I kept practicing, kneeling, standing, paddling, occasionally dumping, back and forth across the small bay. After two hours-plus, I could feel the fatigue setting in,
and Lucy could see it from shore. I paddled back in, thanked her for her patience, and opted against renting the board for the rest of the day. Time to move on!
Maybe I could salvage the day - still need a National Park experience! - by renting a kayak in town, or look into a snorkeling trip. The ladies at the National Park Visitor Center urged me to call Jackie at St. John Boat Charters - "She knows everything that's offered here." Jackie couldn't point to a snorkeling tour, but directed me to Arawak Expeditions for the kayak. I traipsed over to their store in Moongoose Jct, but the sign on the door said they were out on an expedition. Someone pointed me to another company two businesses away, who also had an 'out on tour' sign posted. As I stepped away, the owner jumped out. "Sorry, I forgot to change the sign. How can I help?" Unfortunately, he had no more kayaks on hand for the day.
My options were rapidly disappearing. However, I noticed a sign for the Caneel Hill trailhead just past Moongoose Jct. That looked like my best option to dive into the park, so I took off up the forested trail.
Definitely not an easy, beginners hike (when they said 'hill', they meant it).
The forests had recovered nicely, packed densely on both sides. The trail ascended at a good pace. In the lower reaches, the trail surface was covered with rocks jutting from the ground, forcing me to choose my steps carefully. As I went higher, the footing got more challenging. Thankfully, there were few vistas to distract me on the way up.
At the top of the hill, an observation deck provided grand, 360-degree views of the surrounding ocean and islands.
Definitely a hike worth doing - but not a simple stroll in the park.
For dinner, I dropped into the Irish Caribbean pub I'd noticed yesterday. (No, nothing like Jerk corned-beef-and-cabbage - the Irish was reflected more in the drinks.) When I walked in, the bartender urged me to sit anywhere.

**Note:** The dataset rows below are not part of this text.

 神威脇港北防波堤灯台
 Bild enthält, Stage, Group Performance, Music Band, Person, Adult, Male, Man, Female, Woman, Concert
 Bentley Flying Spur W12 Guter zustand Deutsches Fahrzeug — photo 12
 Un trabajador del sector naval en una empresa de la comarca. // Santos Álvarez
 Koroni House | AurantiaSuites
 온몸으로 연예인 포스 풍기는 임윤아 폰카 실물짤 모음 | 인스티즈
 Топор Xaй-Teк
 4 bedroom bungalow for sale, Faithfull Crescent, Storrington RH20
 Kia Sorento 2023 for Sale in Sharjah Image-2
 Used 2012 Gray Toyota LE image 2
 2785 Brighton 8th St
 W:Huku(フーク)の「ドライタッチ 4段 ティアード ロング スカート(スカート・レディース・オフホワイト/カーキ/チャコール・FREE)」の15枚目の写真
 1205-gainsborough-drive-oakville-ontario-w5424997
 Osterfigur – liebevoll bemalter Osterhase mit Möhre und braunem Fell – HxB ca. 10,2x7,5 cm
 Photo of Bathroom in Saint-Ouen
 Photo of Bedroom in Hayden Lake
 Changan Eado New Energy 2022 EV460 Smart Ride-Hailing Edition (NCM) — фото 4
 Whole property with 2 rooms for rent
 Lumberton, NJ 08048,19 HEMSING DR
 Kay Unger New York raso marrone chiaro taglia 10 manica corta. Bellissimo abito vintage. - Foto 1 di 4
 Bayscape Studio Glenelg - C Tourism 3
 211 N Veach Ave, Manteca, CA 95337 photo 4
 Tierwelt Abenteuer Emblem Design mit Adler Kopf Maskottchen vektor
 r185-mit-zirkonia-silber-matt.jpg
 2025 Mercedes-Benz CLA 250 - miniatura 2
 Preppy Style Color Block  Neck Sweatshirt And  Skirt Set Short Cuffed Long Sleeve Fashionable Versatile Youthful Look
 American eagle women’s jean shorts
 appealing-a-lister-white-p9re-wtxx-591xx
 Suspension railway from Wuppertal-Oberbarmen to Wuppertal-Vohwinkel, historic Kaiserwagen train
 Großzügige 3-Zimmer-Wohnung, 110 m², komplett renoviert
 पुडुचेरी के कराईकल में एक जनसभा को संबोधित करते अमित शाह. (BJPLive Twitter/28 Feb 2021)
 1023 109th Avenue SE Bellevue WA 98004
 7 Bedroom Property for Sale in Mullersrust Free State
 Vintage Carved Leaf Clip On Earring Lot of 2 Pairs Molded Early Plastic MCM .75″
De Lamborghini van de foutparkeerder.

The couple at the bar - friends of the bartender - made my choice obvious, pulling out the adjacent chair for me, then giving me suggestions for which drink to start with. Mentioning that I don't do much alcohol didn't faze them at all, and they urged me to order a mocktail.
I sat next to the woman, who eagerly plied me with questions - "Where are you from? What are you doing here?" When she found out I've been married 30 years, she reported that they were engaged, planning to tie the knot in August.
It was so nice to have company for dinner. her fiancée only occasionally tuned in to our conversation, so he didn't hear much of 60 Ways, or of my Litterwalk. After I finished my meal (and they continued sipping theirs), I told her I'd go get her an Underwear book from my room and bring it back for them. My return shocked the fiancée. "I couldn't believe what she was telling me! Man, I said no way he's coming back! He must have been feeding you a line. Man, I don't read much, but I am really looking forward to reading this!"
I couldn't think of any better way to end my day. Back in my room, I relaxed my sore muscles and considered options for tomorrow. I checked Arawak's website for kayak rentals, but got diverted when I saw another of their scheduled tours: a half-day of kayaking and snorkeling with the endangered hawksbill sea turtles. Whoa. THAT could be a keynote experience for this trip. The website mentioned tours tomorrow leaving at 9 and 10 a.m. and 1 p.m.. Due to the late time, they all said 'call office to book'. Hey - I did that last-second scramble in Alaska and Jackson Hole in January, and it worked out well. Better leave a message so I can get squared away with another winner tomorrow!